= Beginning of Section =

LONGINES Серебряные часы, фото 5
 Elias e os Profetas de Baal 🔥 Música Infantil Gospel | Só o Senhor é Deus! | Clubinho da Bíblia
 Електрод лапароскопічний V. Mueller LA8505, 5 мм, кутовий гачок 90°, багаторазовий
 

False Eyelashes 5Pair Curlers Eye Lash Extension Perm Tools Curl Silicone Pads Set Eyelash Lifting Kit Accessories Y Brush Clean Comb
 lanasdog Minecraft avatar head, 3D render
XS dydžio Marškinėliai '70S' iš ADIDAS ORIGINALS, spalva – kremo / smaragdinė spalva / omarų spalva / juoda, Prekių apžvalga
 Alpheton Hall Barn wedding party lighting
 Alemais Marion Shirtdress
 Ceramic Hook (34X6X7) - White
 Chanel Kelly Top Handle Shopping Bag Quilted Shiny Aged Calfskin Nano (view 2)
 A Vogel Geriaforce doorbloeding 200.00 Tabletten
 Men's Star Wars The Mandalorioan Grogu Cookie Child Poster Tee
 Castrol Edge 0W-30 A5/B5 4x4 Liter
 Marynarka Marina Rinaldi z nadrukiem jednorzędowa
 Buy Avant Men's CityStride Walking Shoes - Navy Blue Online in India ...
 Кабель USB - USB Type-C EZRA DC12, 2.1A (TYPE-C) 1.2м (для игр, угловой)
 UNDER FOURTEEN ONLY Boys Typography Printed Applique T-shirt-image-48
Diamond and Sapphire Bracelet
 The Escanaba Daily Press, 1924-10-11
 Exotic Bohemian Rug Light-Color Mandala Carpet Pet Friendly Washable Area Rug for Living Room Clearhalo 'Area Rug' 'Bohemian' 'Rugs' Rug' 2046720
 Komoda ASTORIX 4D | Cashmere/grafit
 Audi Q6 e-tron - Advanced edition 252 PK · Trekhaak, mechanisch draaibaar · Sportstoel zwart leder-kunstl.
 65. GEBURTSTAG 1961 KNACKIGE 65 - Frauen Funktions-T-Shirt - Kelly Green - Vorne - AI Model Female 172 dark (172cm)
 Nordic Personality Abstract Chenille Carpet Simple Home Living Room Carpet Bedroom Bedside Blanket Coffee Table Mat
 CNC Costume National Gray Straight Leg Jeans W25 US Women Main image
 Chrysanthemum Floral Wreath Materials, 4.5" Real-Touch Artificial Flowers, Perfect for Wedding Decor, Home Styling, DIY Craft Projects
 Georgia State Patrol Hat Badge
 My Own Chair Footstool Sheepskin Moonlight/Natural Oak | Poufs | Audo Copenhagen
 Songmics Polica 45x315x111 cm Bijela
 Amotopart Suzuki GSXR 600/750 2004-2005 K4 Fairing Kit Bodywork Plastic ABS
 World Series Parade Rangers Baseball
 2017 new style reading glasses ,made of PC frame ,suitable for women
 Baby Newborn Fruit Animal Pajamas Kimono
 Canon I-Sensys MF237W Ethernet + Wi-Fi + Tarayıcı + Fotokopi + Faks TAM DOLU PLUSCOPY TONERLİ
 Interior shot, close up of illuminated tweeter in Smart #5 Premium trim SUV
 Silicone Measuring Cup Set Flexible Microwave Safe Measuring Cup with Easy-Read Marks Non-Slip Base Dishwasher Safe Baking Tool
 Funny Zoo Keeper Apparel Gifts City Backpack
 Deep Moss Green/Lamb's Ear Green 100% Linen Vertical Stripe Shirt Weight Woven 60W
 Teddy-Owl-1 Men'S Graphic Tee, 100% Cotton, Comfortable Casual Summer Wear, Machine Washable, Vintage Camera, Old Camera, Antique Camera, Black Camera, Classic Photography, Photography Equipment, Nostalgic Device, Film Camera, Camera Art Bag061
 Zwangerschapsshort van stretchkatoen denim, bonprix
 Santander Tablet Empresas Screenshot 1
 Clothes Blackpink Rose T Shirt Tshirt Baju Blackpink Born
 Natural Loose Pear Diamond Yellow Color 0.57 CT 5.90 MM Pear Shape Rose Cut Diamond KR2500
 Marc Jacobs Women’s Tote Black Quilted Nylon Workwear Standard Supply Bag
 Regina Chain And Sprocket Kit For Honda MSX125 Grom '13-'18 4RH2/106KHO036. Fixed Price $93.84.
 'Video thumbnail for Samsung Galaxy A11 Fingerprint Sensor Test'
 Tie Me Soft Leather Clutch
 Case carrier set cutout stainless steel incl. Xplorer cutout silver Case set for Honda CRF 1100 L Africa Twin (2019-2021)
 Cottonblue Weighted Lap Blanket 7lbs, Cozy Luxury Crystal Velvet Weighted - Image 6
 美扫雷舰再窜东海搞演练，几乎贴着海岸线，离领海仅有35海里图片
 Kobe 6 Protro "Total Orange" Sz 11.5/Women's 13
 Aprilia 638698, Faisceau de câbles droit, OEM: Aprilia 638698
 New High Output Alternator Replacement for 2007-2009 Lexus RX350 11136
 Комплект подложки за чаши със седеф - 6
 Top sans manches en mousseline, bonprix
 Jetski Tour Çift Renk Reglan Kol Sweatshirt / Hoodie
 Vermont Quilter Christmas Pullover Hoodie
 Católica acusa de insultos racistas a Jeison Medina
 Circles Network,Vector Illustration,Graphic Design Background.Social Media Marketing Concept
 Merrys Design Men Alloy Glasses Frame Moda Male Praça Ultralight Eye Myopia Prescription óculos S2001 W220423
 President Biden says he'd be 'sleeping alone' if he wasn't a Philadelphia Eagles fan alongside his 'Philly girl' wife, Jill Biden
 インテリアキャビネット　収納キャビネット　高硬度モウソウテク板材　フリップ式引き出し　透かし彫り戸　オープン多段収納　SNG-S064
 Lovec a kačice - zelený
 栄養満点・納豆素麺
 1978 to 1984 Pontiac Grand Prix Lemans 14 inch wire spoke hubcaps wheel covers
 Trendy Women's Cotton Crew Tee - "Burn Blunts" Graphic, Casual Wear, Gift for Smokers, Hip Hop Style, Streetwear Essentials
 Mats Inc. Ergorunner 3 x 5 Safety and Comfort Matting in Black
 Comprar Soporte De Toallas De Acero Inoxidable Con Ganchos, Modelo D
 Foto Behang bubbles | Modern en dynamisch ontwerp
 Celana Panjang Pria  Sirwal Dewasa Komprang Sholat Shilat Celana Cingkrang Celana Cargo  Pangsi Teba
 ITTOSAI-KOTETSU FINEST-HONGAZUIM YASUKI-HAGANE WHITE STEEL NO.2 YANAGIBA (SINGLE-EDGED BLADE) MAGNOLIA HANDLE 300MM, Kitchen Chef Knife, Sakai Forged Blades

= End of Section =

* _Work instructions_: When you reach the line in the material above that holds "2017 new style", begin reproducing lines exactly, and stop after the line that holds "Circles Network,Vector Illustration,Graphic".

* _Finished exercise_:
 2017 new style reading glasses ,made of PC frame ,suitable for women
 Baby Newborn Fruit Animal Pajamas Kimono
 Canon I-Sensys MF237W Ethernet + Wi-Fi + Tarayıcı + Fotokopi + Faks TAM DOLU PLUSCOPY TONERLİ
 Interior shot, close up of illuminated tweeter in Smart #5 Premium trim SUV
 Silicone Measuring Cup Set Flexible Microwave Safe Measuring Cup with Easy-Read Marks Non-Slip Base Dishwasher Safe Baking Tool
 Funny Zoo Keeper Apparel Gifts City Backpack
 Deep Moss Green/Lamb's Ear Green 100% Linen Vertical Stripe Shirt Weight Woven 60W
 Teddy-Owl-1 Men'S Graphic Tee, 100% Cotton, Comfortable Casual Summer Wear, Machine Washable, Vintage Camera, Old Camera, Antique Camera, Black Camera, Classic Photography, Photography Equipment, Nostalgic Device, Film Camera, Camera Art Bag061
 Zwangerschapsshort van stretchkatoen denim, bonprix
 Santander Tablet Empresas Screenshot 1
 Clothes Blackpink Rose T Shirt Tshirt Baju Blackpink Born
 Natural Loose Pear Diamond Yellow Color 0.57 CT 5.90 MM Pear Shape Rose Cut Diamond KR2500
 Marc Jacobs Women’s Tote Black Quilted Nylon Workwear Standard Supply Bag
 Regina Chain And Sprocket Kit For Honda MSX125 Grom '13-'18 4RH2/106KHO036. Fixed Price $93.84.
 'Video thumbnail for Samsung Galaxy A11 Fingerprint Sensor Test'
 Tie Me Soft Leather Clutch
 Case carrier set cutout stainless steel incl. Xplorer cutout silver Case set for Honda CRF 1100 L Africa Twin (2019-2021)
 Cottonblue Weighted Lap Blanket 7lbs, Cozy Luxury Crystal Velvet Weighted - Image 6
 美扫雷舰再窜东海搞演练，几乎贴着海岸线，离领海仅有35海里图片
 Kobe 6 Protro "Total Orange" Sz 11.5/Women's 13
 Aprilia 638698, Faisceau de câbles droit, OEM: Aprilia 638698
 New High Output Alternator Replacement for 2007-2009 Lexus RX350 11136
 Комплект подложки за чаши със седеф - 6
 Top sans manches en mousseline, bonprix
 Jetski Tour Çift Renk Reglan Kol Sweatshirt / Hoodie
 Vermont Quilter Christmas Pullover Hoodie
 Católica acusa de insultos racistas a Jeison Medina
 Circles Network,Vector Illustration,Graphic Design Background.Social Media Marketing Concept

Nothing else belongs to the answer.